Cabinet Consideration Of Mäori Fisheries Welcome
Iwi Welcome Cabinet Consideration Of Mäori Fisheries Amendment Bill
“The Treaty Tribes Coalition and our supporters welcome today’s announcement by Mäori Affairs Minister Parekura Horomia that Cabinet will consider the Mäori Fisheries Amendment Bill,” Harry Mikaere, Chairman of the Treaty Tribes Coalition, said today.
“More than 35 iwi sent representatives to Parliament today to present the Bill to the Minister and to Opposition Spokesperson on Fisheries Doug Kidd.
“We were heartened by the Minister’s announcement that he will present the Bill to his Cabinet colleagues for Cabinet consideration.
“We were also heartened by Doug Kidd’s announcement that the National Party will work constructively with the Government to resolve the issue and, if necessary, introduce the Bill as a Private Member’s Bill.
“At the same time, we reject the suggestion that the Treaty of Waitangi Fisheries Commission should consider the Bill. The Commission is the trustee of our assets and exists to do what iwi have already worked together and compromised to resolve. We do not accept that our trustee should consider our draft legislation. That is a matter for Parliament.”
Mr Mikaere said the Treaty Tribes Coalition’s offer of 29 August to negotiate directly with the Crown to fast-track allocation remained on the table.
“Once again there have been positive signals sent by the Chairman of the Mäori Affairs Select Committee,” he said.
“There continues to be scope for negotiation with Ministers over the size of the Development Putea.
“As we said nearly three weeks ago, negotiations would have to be guided by the following principles:
1. The principle of
Mana Whenua Mana Moana will not be compromised
2. The ‘optimum allocation model’ will not be compromised – it is only the size of the Development Putea that will be the subject of negotiation
3. Negotiations are between the Treaty Tribes Coalition, representing the Treaty partner, and Ministers, representing the Crown
4. All litigation will be withdrawn before negotiations commence
5. The Crown commits in good faith to legislate to implement the ‘optimum allocation model’ before the end of this year.”

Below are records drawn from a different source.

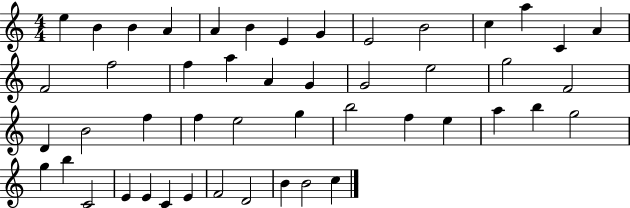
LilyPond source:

{
  \clef treble
  \numericTimeSignature
  \time 4/4
  \key c \major
  e''4 b'4 b'4 a'4 | a'4 b'4 e'4 g'4 | e'2 b'2 | c''4 a''4 c'4 a'4 | \break f'2 f''2 | f''4 a''4 a'4 g'4 | g'2 e''2 | g''2 f'2 | \break d'4 b'2 f''4 | f''4 e''2 g''4 | b''2 f''4 e''4 | a''4 b''4 g''2 | \break g''4 b''4 c'2 | e'4 e'4 c'4 e'4 | f'2 d'2 | b'4 b'2 c''4 | \break \bar "|."
} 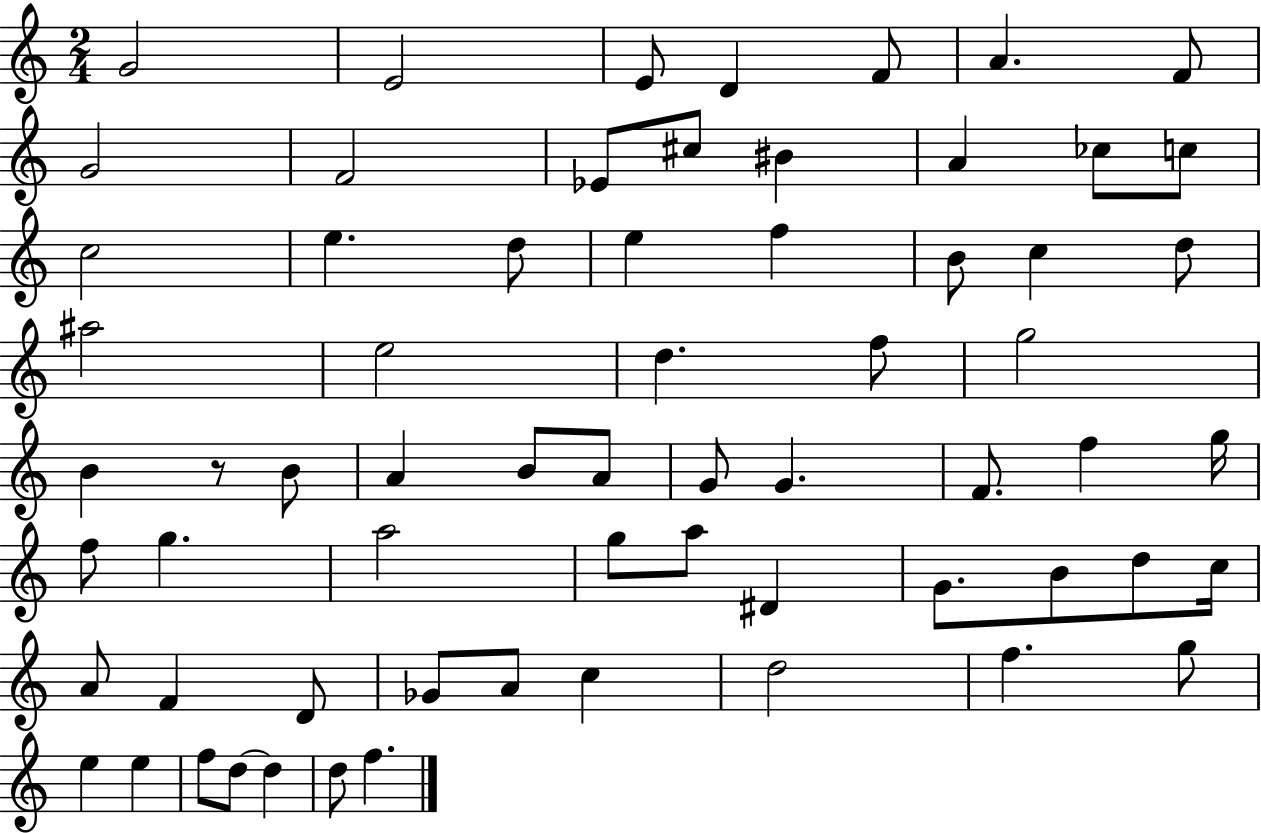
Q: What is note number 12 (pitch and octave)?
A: BIS4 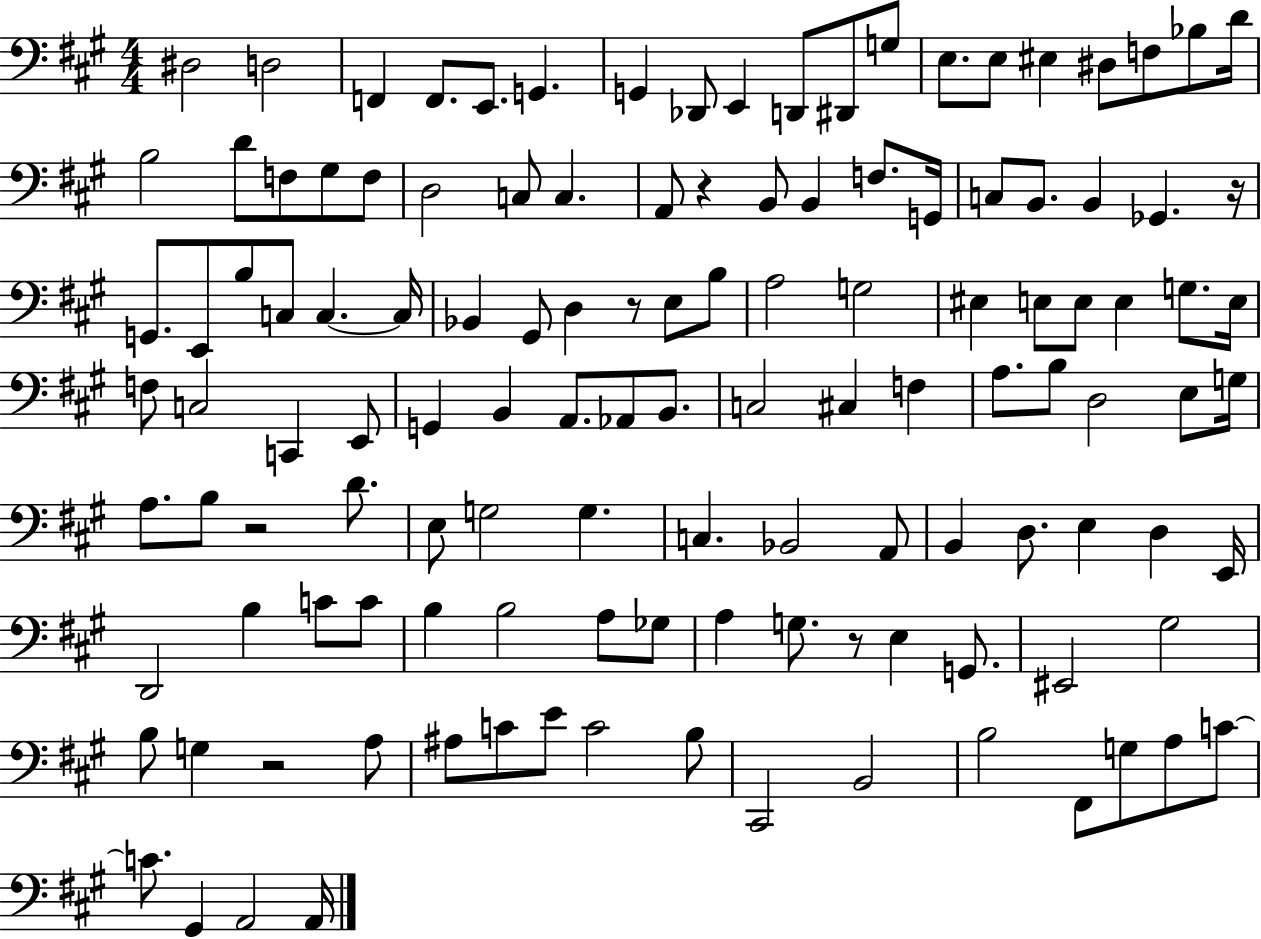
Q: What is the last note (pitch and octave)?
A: A2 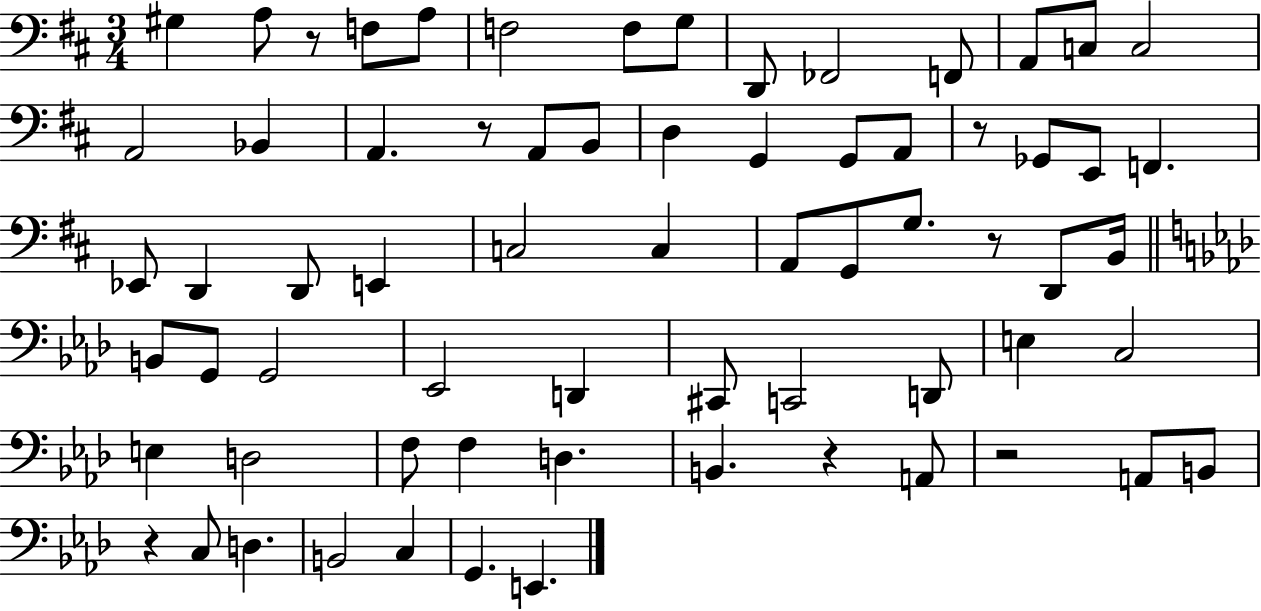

“We urge the Government to urgently respond to our letter of 29 August to the Prime Minister to allow a speedy start to negotiations to fast-track allocation of the assets.
“Today’s presentation of the Mäori Fisheries Amendment Bill will make it easier for the Government to fulfil the fifth principle.

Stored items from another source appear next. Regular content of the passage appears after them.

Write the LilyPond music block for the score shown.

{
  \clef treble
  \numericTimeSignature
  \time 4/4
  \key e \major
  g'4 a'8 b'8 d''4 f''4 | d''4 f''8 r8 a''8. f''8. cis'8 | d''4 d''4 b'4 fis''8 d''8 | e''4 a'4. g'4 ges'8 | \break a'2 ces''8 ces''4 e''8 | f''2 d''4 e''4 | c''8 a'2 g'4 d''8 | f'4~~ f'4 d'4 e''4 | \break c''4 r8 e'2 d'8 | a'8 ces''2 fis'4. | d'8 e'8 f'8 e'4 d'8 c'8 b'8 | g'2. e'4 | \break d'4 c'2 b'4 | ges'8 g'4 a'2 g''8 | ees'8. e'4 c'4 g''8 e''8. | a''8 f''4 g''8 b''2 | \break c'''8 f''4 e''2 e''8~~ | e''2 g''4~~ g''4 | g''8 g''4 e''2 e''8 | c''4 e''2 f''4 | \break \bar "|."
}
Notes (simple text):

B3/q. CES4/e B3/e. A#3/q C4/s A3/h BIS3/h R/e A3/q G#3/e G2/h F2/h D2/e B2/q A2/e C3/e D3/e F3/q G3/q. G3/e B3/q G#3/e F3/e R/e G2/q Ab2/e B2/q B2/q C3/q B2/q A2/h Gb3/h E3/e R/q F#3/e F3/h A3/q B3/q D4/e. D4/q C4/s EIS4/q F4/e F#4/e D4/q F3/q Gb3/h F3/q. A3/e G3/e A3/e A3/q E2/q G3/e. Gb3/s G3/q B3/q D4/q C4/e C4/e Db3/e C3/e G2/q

“The Government must not be under any illusion that iwi will wait past the end of this year for the issue to be resolved.”
The Treaty Tribes Coalition was established in 1994 and has the support of more than 25 iwi.
The Coalition is seeking the implementation of the “optimum allocation model” that was developed by the Treaty of Waitangi Fisheries Commission through a five-year consultation process. At the conclusion of that consultation process two years ago, the model achieved the support of 76 percent of iwi representing 63 percent of Mäori.
The model deals with $350 million of “pre-settlement” fisheries assets, which have been held in trust by the commission since 1989. The commission has also held a further $350 million of “post-settlement” assets since 1992.
The model was a compromise between those iwi that believed assets should be allocated on the basis of coastline and those that believed they should be allocated on the basis of population.
Under the model, deep-sea quota would be allocated on a 50 percent population, 50 percent coastline basis. Inshore quota would be allocated on a coastline basis. Shares in Moana Pacific Fisheries would be allocated in proportion to the entire quota volume allocated to each iwi.
A further $40 million cash would be allocated on the basis of population only, with another $10 million cash kept in trust for those Mäori who are not active members of their iwi organisations.
The model also requires that iwi have mandate and accountability mechanisms to deliver to their members, the vast majority of whom are urban residents.
Despite the majority support for the compromise model, allocation is being held up by technical legal challenges by a few individuals. None of these challenges have been found to have merit by the courts, but appeals continue.
In May 2000, the New Zealand Institute of Economic Research (NZIER) undertook an independent and conservative study into the costs of delaying allocation of the “pre-settlement” assets.
Looking at just three costs of delay, including the inability of iwi to form multi-iwi partnerships, it concluded the costs were up to $14 million a year. This would compound to $84 million by 2006 if allocation did not occur immediately.
Following the release of the report, the Treaty Tribes Coalition renewed its call for the Government to fix the law to end the technical legal wrangling. The call was supported unanimously by the New Zealand Seafood Industry Council (SeaFIC) at its annual conference in Nelson and by New Zealand’s biggest fisheries company, Sanford Ltd.
On 19 September 2000, the Treaty Tribes Coalition presented draft legislation to all Members of Parliament that would direct the Treaty of Waitangi Fisheries Commission to immediately implement the “optimum allocation model”. The Minister of Mäori Affairs referred the draft legislation to Cabinet while the National Party said it would support it.